══ Data provided ══
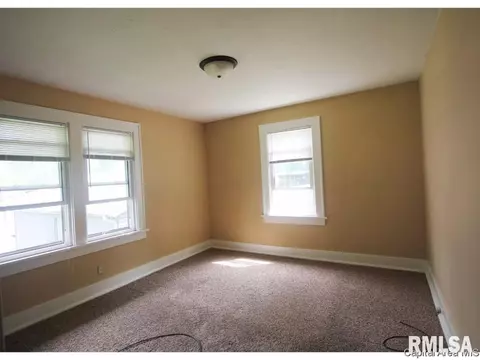 1452 N 3rd, Springfield, IL 62702 photo 8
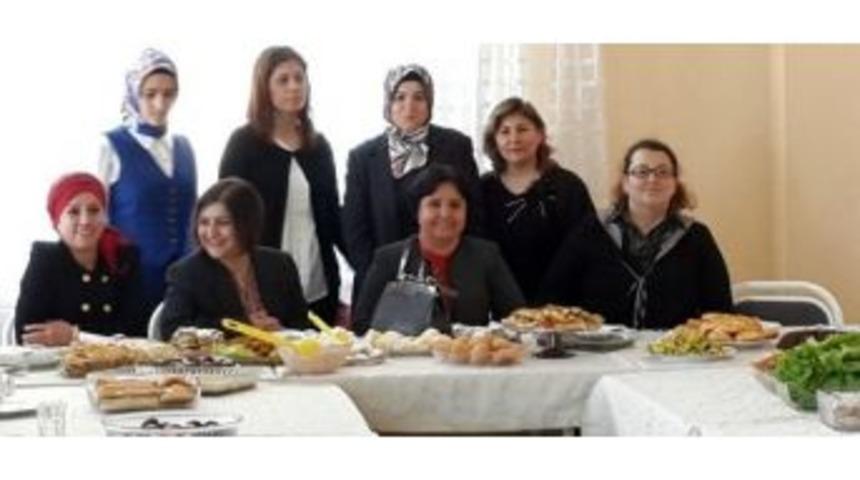 Polis Eşleri &ldquo;g&ouml;n&uuml;l El&ccedil;ileri Projesine&rdquo; Destek Verdi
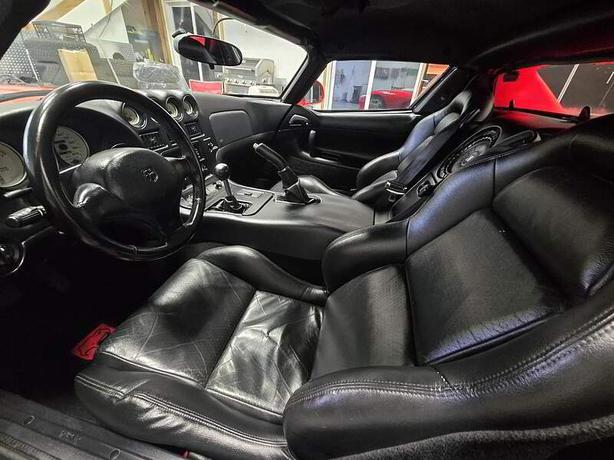 2001 Dodge Viper RT-10 Convertible - Manual Transmission image 8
═══
-- What is being asked --
Everything in the material except the pictures should be output verbatim.

-- Finished task --
 1452 N 3rd, Springfield, IL 62702 photo 8
 Polis Eşleri &ldquo;g&ouml;n&uuml;l El&ccedil;ileri Projesine&rdquo; Destek Verdi
 2001 Dodge Viper RT-10 Convertible - Manual Transmission image 8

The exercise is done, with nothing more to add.